Gender can also be related to risk judgments and attitudes towards safety [
10,
11,
12,
13]. In this sense, risk perception and preparedness have been the central investigated issues. Some studies directly address gender influence on these subjects and others include gender among other predictors/variables by simply reporting gender “differences”. Regardless of the method used, the literature indicates that women in general perceive hazards as being more serious and riskier than men [
8,
14,
15,
16,
17] and that men express more confidence to face disasters [
13,
18,
19]. Researchers have also focused on preparedness by exploring gender among other factors (e.g., race/ethnicity, age, education, etc.). Some studies showed that gender acts as a predictor of preparedness with women being less likely to be prepared than men for specific hazards [
20,
21,
22,
23] but other studies were not conclusive (e.g., [
24,
25]).
Risk perception is usually conceptualised as a logical predictor of preparedness. However, the link between these constructs is still not clear [
26,
27]. Whereas some studies found that risk perception is associated with or predicts preparedness [
23,
28,
29], others did not [
30,
31,
32]. Furthermore, most previous studies concentrated on unique disasters (past and/or potential) in specific geographical regions with distinct degrees of gender relations/inequalities, or they were conducted for specific communities or groups of people living in the affected areas. Hence most research findings, although useful for regional and local authorities, are context dependent and difficult to generalize to other hazards and areas. For instance, for an EU policy implementation. Another aspect not fully addressed in the literature is the analysis of gender along with intersectional factors (intersectional approach) (Gendered Innovations:
http://genderedinnovations.stanford.edu/terms/intersectionality.html, accessed on 10 May 2022) in the context of disaster response as gender identities, norms, relations and attitudes both shape and are shaped by other social attributes.

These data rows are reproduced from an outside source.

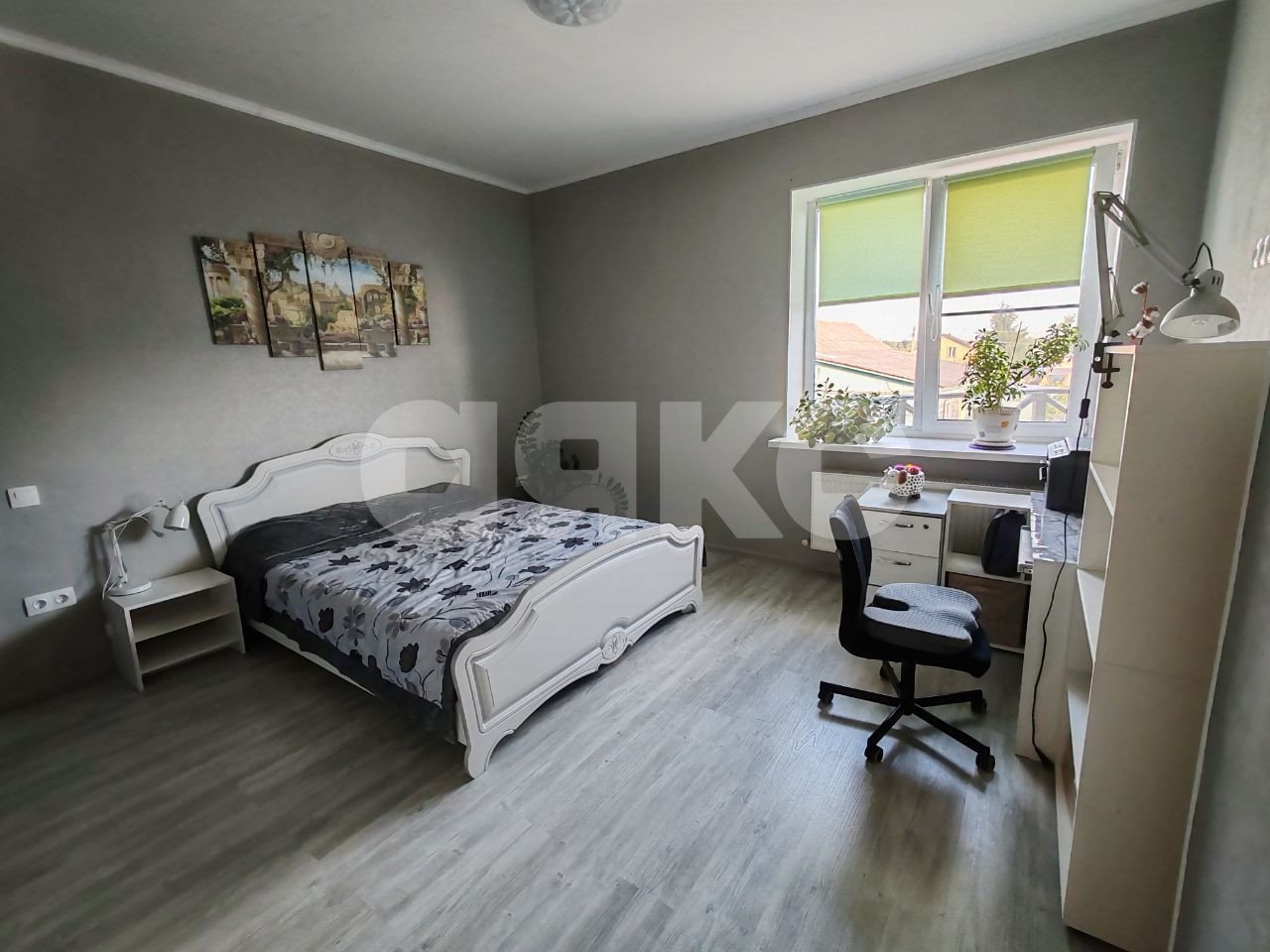 Фото №26: Дом 240 м² + 15 сот. - Анциферово, ул. Школьная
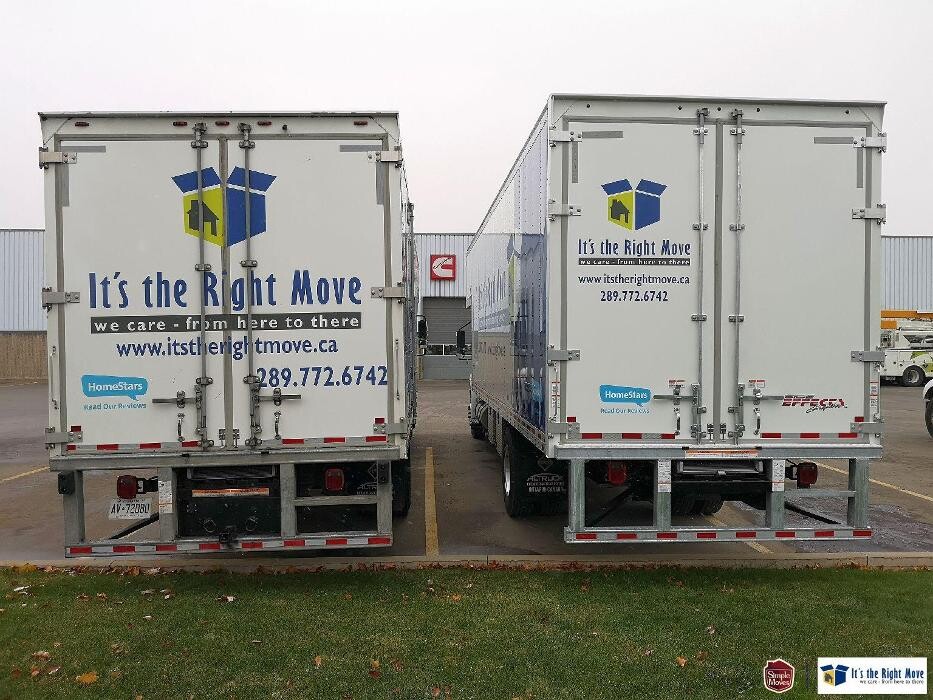 Images Simple Moves & Storage Movers Burlington & Oakville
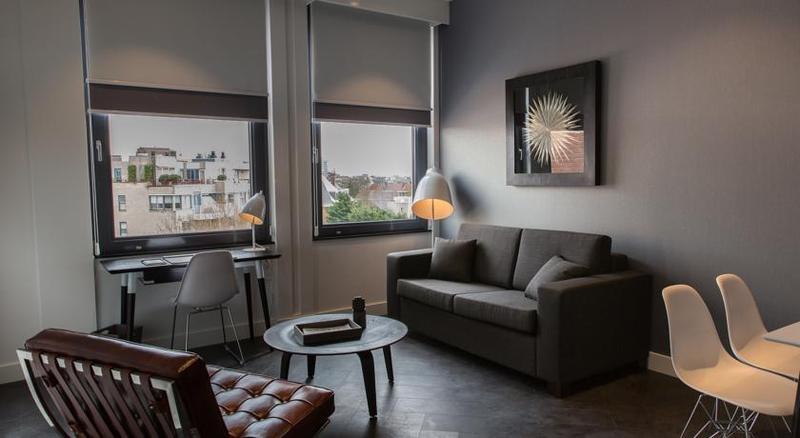 บี อพาร์ทโฮเทล เคนเนดี Aparthotel กรุงเฮก ภายนอก รูปภาพ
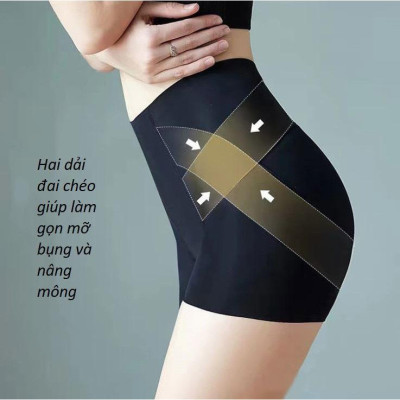 Quần Ghen Bụng Nâng Mông Mặc Trong Váy WL80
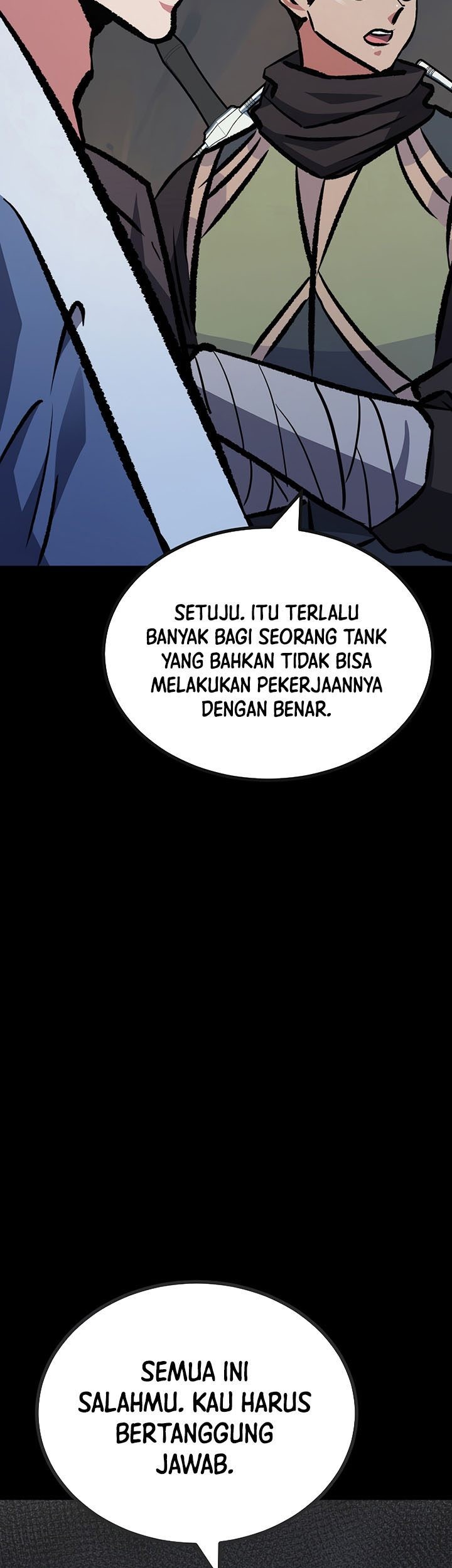 Level 1 Player Chapter 75 Gambar 32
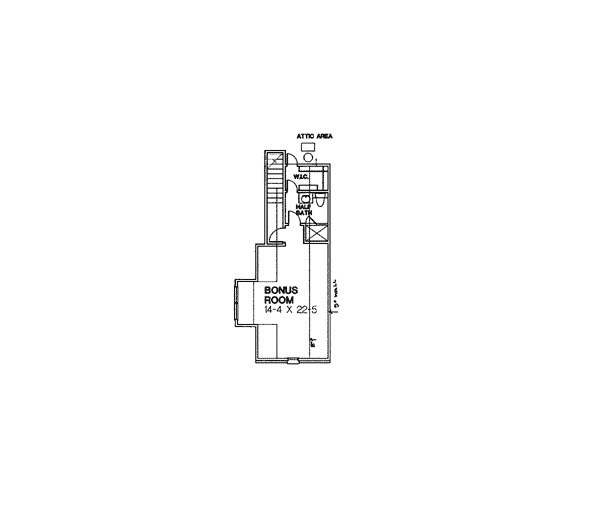 European Level Two of Plan 66087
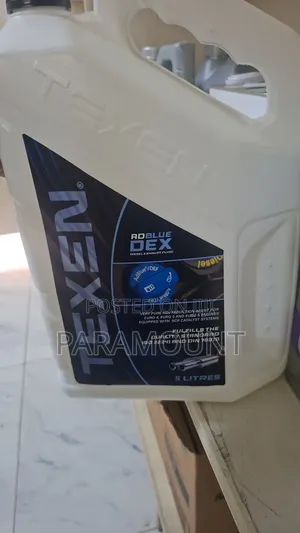 Adblue Def Fluid 5l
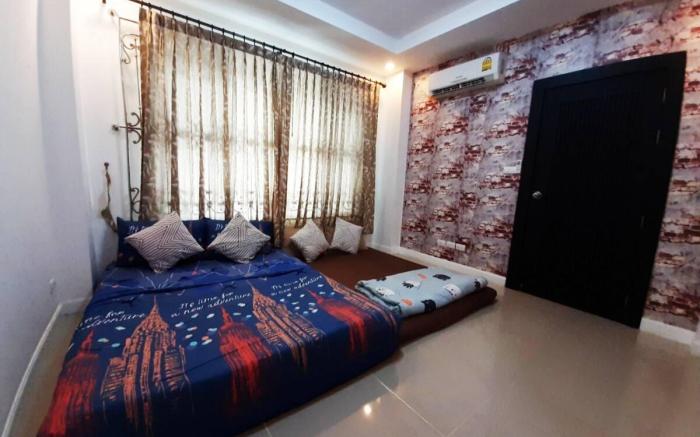Holiday 3Bedroom PoolVilla Huahin Near 7-11, Makro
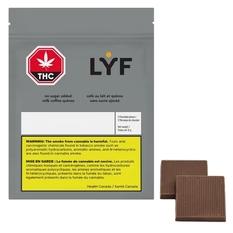Nsa Milk Chocolate Coffee Quinoa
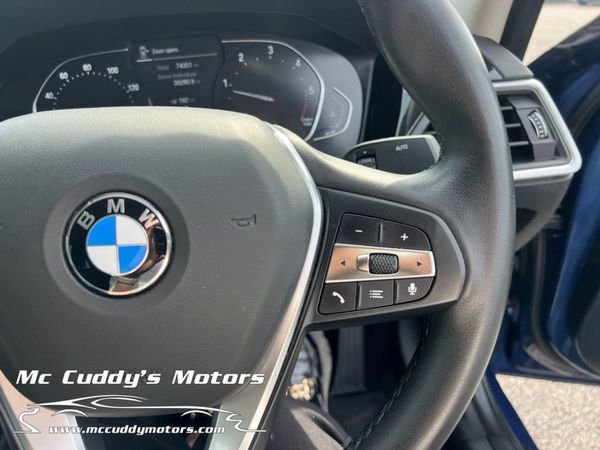 2020 (202) BMW 3 Series 318D Sport 2.0 MHEV Kit 351993003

The aim of this study is to investigate gender influence on risk perception for multiple hazards and attitudes toward preparedness from a regional perspective, i.e., across the EU population. The first question to investigate is, since women are likely to perceive higher risks than men, is it reasonable to think that they are also more motivated for preparedness? Otherwise (i.e., if there is no positive association between risk and preparedness in gender groups) is it reasonable to infer that gender, among other intersectional factors, contributes to shaping people’s attitudes towards disasters? Therefore, the present study aims at contributing to current knowledge by analysing datasets from a multinational survey. The collected responses provided the opportunity to explore gender differences/similarities of EU citizens (from Spain, Poland, Sweden, France and Italy).
The main objectives of the current study are listed below:
To find gender differences/similarities in risk perception and attitudes toward disaster preparedness;
To investigate whether risk perception is associated with the intent to prepare for disasters in different genders;
To explore subgroup differences among males and females according to age and educational background.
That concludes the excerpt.